[Interview sur la fraude de l’or au Burkina] Le Capitaine Sougrinoma Zongo fait la lumière

[Interview sur la fraude de l’or au Burkina] Le Capitaine Sougrinoma Zongo fait la lumière

La Société Nationale des Substances Précieuses (SONASP), sous la direction du Capitaine Sougrinoma Zongo, lutte contre la fraude sur l'or artisanal au Burkina Faso et ses initiatives pour renforcer l'économie minière nationale. Interview…

Abidjan, le 21 octobre 2024 (crocinfos.net) – Dans le N° 0005 / octobre 2024 du Magazine de référence sur le secteur extractif au Burkina Faso, Mines Burkina Actu, le Capitaine Sougrinoma Basile Zongo, Officier de l’Armée de Terre, nommé Directeur Général de la Société Nationale des Substances Précieuses est une société (SONASP) en Septembre 2023 est sorti de sa réserve.
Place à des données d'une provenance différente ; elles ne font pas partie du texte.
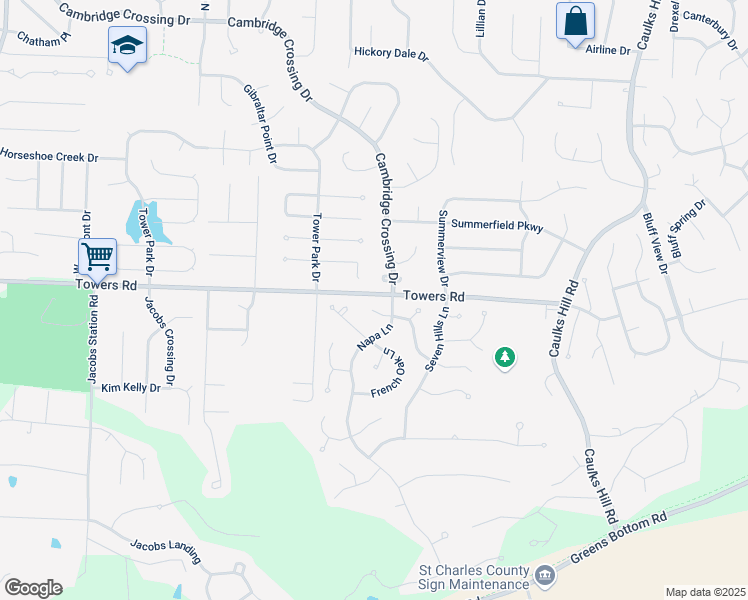 map of restaurants, bars, coffee shops, grocery stores, and more near 36 Sonoma Court in Saint Charles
Dans cette interview, il exprime au micro de notre confrère dans le cadre de l’accès à l’information d’intérêt public, la fraude sur l’or dans son pays. Titulaire d’un Master 2 en Gestion et management des projets, il justifie la création de la SONASP, ses acquis depuis sa création, le projet de transformation des résidus miniers, la construction de la raffinerie.

Selon lui, cette nouvelle orientation permettra à l’État d’avoir un meilleur contrôle du circuit de la commercialisation de l’or produit artisanalement et partant améliorer les retombées du sous-secteur de l’artisanat minier dans l’économie nationale et lutter contre les flux financiers illicites.

Une partie de la production artisanale de l’or fait l’objet de fraude à la commercialisation: Avez-vous une idée sur les quantités fraudées ?

La production d’or des exploitations minières artisanales est importante mais leurs valeurs exactes restent encore difficiles à maitriser. Elle est estimée à 9,5 tonnes d’or par an selon l’Institut National de la Statistique et de la Démographie (INSD).

Cependant, une étude réalisée par l’OCDE à partir de la mesure des émissions de mercure dans l’atmosphère utilisés par les artisans, révèle que cette production se situerait autour de 20 à 25 tonnes d’or par an.

Le rapport de la Commission d’enquête parlementaire sur la gestion des titres miniers et la responsabilité sociétale des entreprises minières révèle que 15 à 30 tonnes d’or font l’objet de fraude par an.

Nonobstant l’importance de la production artisanale annuelle d’or estimée, la production annuelle déclarée de 2015 à 2023 n’a jamais atteint 500 kilogrammes.

Pouvez-vous décrire le circuit de la fraude ?

Le circuit de la fraude de l’or est divers et assez complexe.

Il faut cependant noter que le circuit informel du commerce de l’or s’identifie à celui des transactions informelles de l’or. En effet, l’or est un moyen d’échange reconnu et accepté, notamment chez les commerçants, qui permet de diminuer ou d’éviter les droits de douane perçu à l’importation de marchandises. L’or sert aussi comme monnaie d’échange permettant aux agents économiques de se passer des circuits officiels bancaires et de change.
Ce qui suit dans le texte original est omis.